Invasão do aeroporto de Lisboa para "fugir a espíritos" vale cadeia a holandês

Gima Calunga foi sentenciado a três anos e meio pelo Tribunal da Relação de Lisboa, mas já cumpriu dois anos e oito meses de prisão preventiva.

Foto
O arguido tinha sido encontrado agarrado a um trem de aterragem de um avião prestes a descolar para Luanda. Manuel Roberto / Publico

O holandês nascido em Angola que invadiu em 2014 a pista do aeroporto de Lisboa, munido de uma faca de cozinha, viu o Tribunal da Relação de Lisboa confirmar parte da sentença que o condenou pelo crime de atentado à segurança de transporte aéreo. Gima Calunga foi sentenciado a três anos e meio de prisão, noticiou o Expresso e confirmou o PÚBLICO junto do seu advogado, Bruno Gomes — menos um ano do que tinham decidido os juízes de primeira instância.

O arguido está em prisão preventiva há já dois anos e oito meses — tempo que será agora descontado da pena a cumprir — depois de ter sido encontrado agarrado ao trem de aterragem de um avião prestes a descolar para Luanda. Admite ter estado na Síria, mas não para se juntar ao autoproclamado Estado Islâmico, como dizia a acusação do Ministério Público, e sim para ajudar refugiados. Porém, alega nunca os encontrou. Quando percebeu que numa das casas que visitou naquele país havia “homens sexuais”, resolveu regressar à Holanda — até porque essa era também a vontade dos homens armados com quem passou a sua estadia na Síria, explicou em tribunal.

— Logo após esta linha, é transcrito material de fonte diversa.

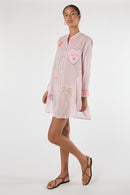 LulaLife Trixie Beach Shirtmaker Pink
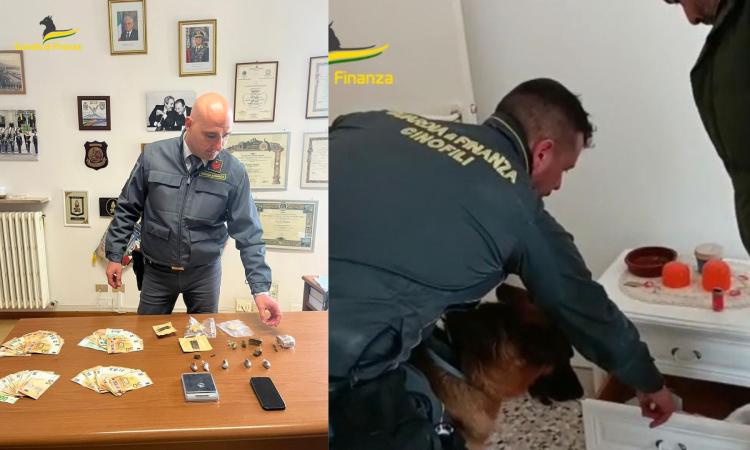 Civitanova, 21enne ai domiciliari: in casa aveva 200 grammi di droga e oltre 3mila euro in contanti Civitanova, 21enne ai domiciliari: in casa aveva 200 grammi di droga e oltre 3mila euro in contanti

Sempre justificou o facto de se ter introduzido num local vedado ao público, a pista do aeroporto, com a necessidade de fugir a “espíritos” que o “perseguiam”. Bruno Gomes explica que o Tribunal da Relação revogou a condenação da primeira instância no que à detenção de arma proibida diz respeito, uma vez que se tratava de uma faca com fins culinários.

Já no que concerne ao crime de terrorismo, o holandês havia sido ilibado destas suspeitas logo no primeiro julgamento, apesar das desconfianças do Ministério Público. Essas dúvidas são bem patentes no recurso que apresentou da sentença inicial, onde defende que devia ter ficado provado em tribunal que Gima Calunga se ofereceu como voluntário para integrar "fileiras de grupos radicais reconhecidos internacionalmente como ligados a actividades terroristas que prosseguem a luta armada para derrubar o governo sírio", tendo ainda "sido recebido por elementos de um grupo radical designado por Isis".

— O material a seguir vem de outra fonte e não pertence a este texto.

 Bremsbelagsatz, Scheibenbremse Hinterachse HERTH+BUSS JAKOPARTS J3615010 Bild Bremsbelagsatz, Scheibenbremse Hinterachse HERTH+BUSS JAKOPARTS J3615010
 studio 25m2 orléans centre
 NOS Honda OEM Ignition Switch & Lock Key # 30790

Segundo esta tese, o arguido teve duas semanas de treino militar em campos jihadistas e foi-lhe confiada a missão realizar um ataque terrorista ao aeroporto de Lisboa. Porém, se esta teoria não convenceu os juízes, também a da ida à Síria por questões humanitárias não lhes mereceu credibilidade. Um diário apreendido a Gima Calunga fala em "duas semanas de treino" na Síria. Foi para se poder gabar aos amigos, justificou em tribunal. Na realidade, e segundo a sentença de primeira instância, o mais provável é ter estado com civis armados que tentavam defender as suas casas e aldeias de ataques militares. 

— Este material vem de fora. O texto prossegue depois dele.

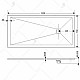 Приобрести Душевой поддон из искусственного камня RGW Stone Tray ST-0167G 160x70 16152716-02 Графит в магазине сантехники Santeh-Crystal.ru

Perante as justificações ligadas ao universo do sobrenatural, apurar a sanidade mental do suspeito foi uma das tarefas a que se propôs a justiça portuguesa. Até porque no ano em que invadiu o aeroporto lhe tinham sido encontradas, na casa onde morava na Holanda, garrafas contendo vinagre, benzina e lixívia. Seriam explosivos? Não: questionado pelas autoridades, respondeu ser praticante de vodu e guardar o ar de pessoas nas garrafas. Os juízes encontram uma explicação bem mais prosaica para o sucedido: teria o chamado vício do snifador, habituara-se a inalar substâncias químicas. 

Apesar de tudo, as peritagens psiquiátricas concluíram que o holandês não padecia de qualquer doença deste foro e que tinha as suas capacidades cognitivas intactas.